Under HB 2, most districts would receive funding increases between 3% and 8%, but many wealthy school districts would get much more than that. "Look at Highland Park," Haggerty said. "They'd be getting a 52% increase in funding." Indeed, Highland Park, an old-money Dallas community and one of the wealthiest school districts in the state, has become a poster child for what's wrong with Grusendorf's legislation.
Critics of the bill say that HB 2 largely ignores what MALC members and the state's own demographer keep reminding us – that the future of Texas will look much like the predominantly Hispanic border communities of today. In other words, without funding that addresses the needs of poor school districts and children considered "at risk" because they are not proficient in English, the Texas of 2040 will, according to state demographer Steve Murdock, see a 40% increase in poverty, a 50% rise in welfare recipients, a 54.3% increase in prison population, and an overall $6.3 billion increase in elementary and secondary education costs. According to one state study, funding needs increase as the number of low-income and English-deficient students increases, yet MALC members point out that HB 2 directs substantially less money to these students than what the state study recommends.

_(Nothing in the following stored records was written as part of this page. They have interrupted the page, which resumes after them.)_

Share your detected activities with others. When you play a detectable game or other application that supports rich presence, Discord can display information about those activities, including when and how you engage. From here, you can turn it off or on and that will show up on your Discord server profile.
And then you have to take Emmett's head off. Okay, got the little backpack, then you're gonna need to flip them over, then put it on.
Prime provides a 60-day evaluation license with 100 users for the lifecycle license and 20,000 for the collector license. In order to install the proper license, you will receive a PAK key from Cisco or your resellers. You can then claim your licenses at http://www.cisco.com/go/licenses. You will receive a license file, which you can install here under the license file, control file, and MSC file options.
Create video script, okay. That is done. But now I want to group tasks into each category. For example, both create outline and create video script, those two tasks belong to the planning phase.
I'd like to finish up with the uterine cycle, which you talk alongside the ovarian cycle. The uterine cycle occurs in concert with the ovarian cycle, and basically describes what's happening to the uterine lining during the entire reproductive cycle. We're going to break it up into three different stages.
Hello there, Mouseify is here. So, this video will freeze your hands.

"HB 2 leaves 90% of the children behind," Gallego said. "The disconnect between this bill and the basic needs of Texas schoolchildren is appalling."

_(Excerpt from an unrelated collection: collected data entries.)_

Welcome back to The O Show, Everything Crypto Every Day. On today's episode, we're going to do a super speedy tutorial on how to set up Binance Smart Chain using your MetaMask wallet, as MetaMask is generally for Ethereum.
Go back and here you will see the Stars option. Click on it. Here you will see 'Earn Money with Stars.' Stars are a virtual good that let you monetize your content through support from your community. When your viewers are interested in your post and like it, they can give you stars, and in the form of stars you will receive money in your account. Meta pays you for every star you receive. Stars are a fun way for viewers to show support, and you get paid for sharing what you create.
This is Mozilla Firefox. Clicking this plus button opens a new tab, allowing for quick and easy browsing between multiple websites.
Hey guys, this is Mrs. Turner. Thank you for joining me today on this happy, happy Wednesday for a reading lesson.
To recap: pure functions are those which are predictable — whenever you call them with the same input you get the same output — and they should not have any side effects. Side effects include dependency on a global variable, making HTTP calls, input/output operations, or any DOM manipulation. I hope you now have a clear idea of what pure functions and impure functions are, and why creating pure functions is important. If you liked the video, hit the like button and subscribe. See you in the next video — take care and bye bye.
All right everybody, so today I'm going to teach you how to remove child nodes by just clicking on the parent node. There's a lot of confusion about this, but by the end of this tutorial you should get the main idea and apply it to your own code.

Casinos, Credit, and Canadian Drugs
With less than two weeks remaining before the filing deadline, hundreds of new bills are popping up daily – although many are dead on arrival. One major bill still very much in play, filed last Friday, is the long-anticipated but very controversial casino gambling proposal that would give Texas a taste of Las Vegas. As expected, Valley Rep. Kino Flores, D-Palmview, will carry HB 1337 and its House Joint Resolution 49, which calls for a Nov. 8 statewide election on the proposed constitutional amendment. It's not clear that this specific bill has a shot, but pressure is building overall for some form of gambling as an additional revenue source for schools.
As goes gambling, so goes credit card debt – and possibly a new law that would require credit card companies to tell consumers how long it will take to pay off their debt. Rep. Lon Burnam, D-Fort Worth, said he filed HB 1089 to protect the more vulnerable consumers who can only afford to make the minimum monthly payments. "Texans should be able to look at their credit card bill and know that if they only pay the monthly minimum, then this is when their credit card debt will be paid off," said Burnam (e.g., sometime in the next millennium). The bill, if passed, would require companies to include the pay-off date on their monthly statements. Burnam said that about half of all credit card holders pay only their minimum monthly requirement.
On the pharmaceutical front, two Houston Democrats – state Sen. Rodney Ellis and Rep. Scott Hochberg – have started drumming up support for legislation that would allow Texans to make online prescription drug purchases from Canada. The legislative proposals (SB 518 and HB 173) would allow the Texas State Board of Pharmacy to license Canadian pharmacies to sell and ship prescription drugs directly to consumers, Ellis said. In a press conference last week, the Houston legislators said that state residents could see huge savings on popular drugs obtained from Canada, including a 45% savings on the cholesterol drug Lipitor. The two companion bills are modeled after other programs in Minnesota, Wisconsin, Illinois, New Hampshire, and Vermont, among others, Ellis said.